UiPath PDF File Word Analysis
I have a lot of PDF documentation to read. I’ve been starting to work with UiPath and I wondered if I could put something together to perform a simple analysis of the frequency words are used in a document. My thinking here is that is might help to identify trends in the document, any pattern of thinking and highlight key themes. It turns out you absolutely can, and with the simple way UiPath builds automation frameworks, it really wasn’t anywhere near as difficult as I was expecting.
For everything that follows I’ve used the free and native OCR capabilities, the accuracy of the automation could be improved by paying for an OCR service.
GitHub repository for this is here
PDF Analysis with UiPath
This automation utilises the native capabilities within UiPath to create an analysis of the words used within a PDF file. Mapping the frequency that a word is used, whilst stripping out common english words.
- Requests the folder containing the PDFs for analysis
- Requests the path to the downloaded wordCloud.txt (this contains the VBA code)
For Each file in the provided directory;
- Read PDF Text to string, assign to a string variable.
- Generate single column DataTable from PDF Text, utilising ‘space’ as both a Column and NewLine Separator. Assign to DataTable variable.
- Assign DataTable column name to a string variable.

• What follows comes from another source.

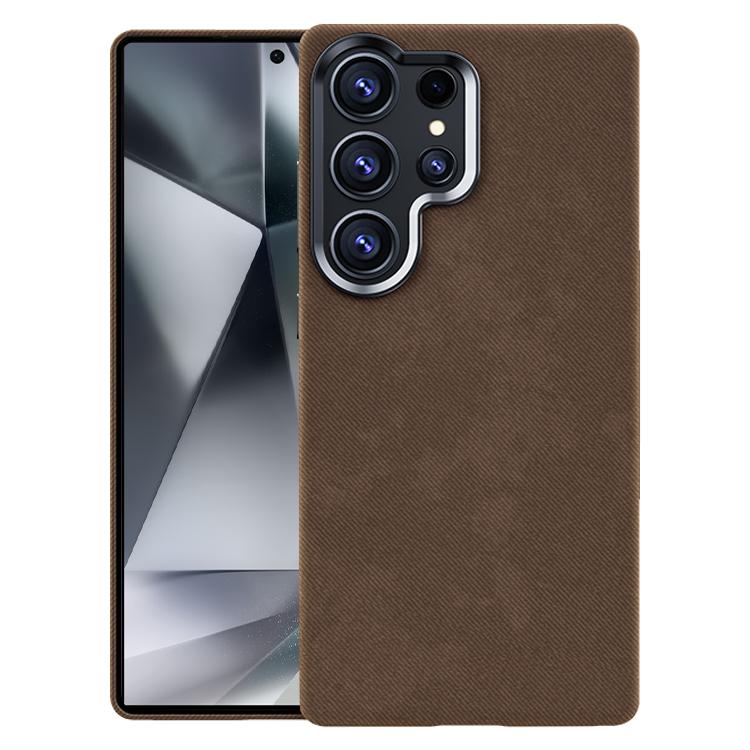 Custodia per telefono magnetica a copertura totale con texture in flanella, For Samsung Galaxy S25+ 5G / S24+ 5G, For Samsung Galaxy S25 Ultra 5G, For Samsung Galaxy S24 Ultra 5G, For Samsung Galaxy S23 Ultra 5G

- Count the Rows in the DataTable and assign that to a string variable
- Create Excel file from PDF name with suffix ‘-report’
- Right DataTable to Excel file starting from cell ‘A1’ on sheet named ‘StratWords’
- Creates a table in the sheet ‘stratwords’, using the variable from count rows action to determine the correct table size
- Invokes VBA stored in wordCloud.txt at ‘Punc’ entry point to strip punctuation from the word list
- Invoke VBA stored in wordCloud.txt at ‘commonWords’ entry point to remove common words from the word list
- Inserts column ‘Count’
- Writes formula ‘COUNTIF(A:A,A2)’ to cells in Count column – this counts the frequency of a word
- Inserts column ‘Rank’
- Writes formula ‘RANK.EQ(B2,B:B,0)’ to cells in the Rank column – this ranks the words from most to least frequently used.
- Creates Pivot table call ‘StratPiv’ in new sheet called ‘PDFPivot’
- Invoke VBA stored in wordCloud.txt at ‘PivotConfig’ entry point to reformat the Pivot table
- Saves the file
As you can see from the output examples the final look is not polished, but then I don’t need it to be. What you can start to see is the document being expressed through the key words being utilised.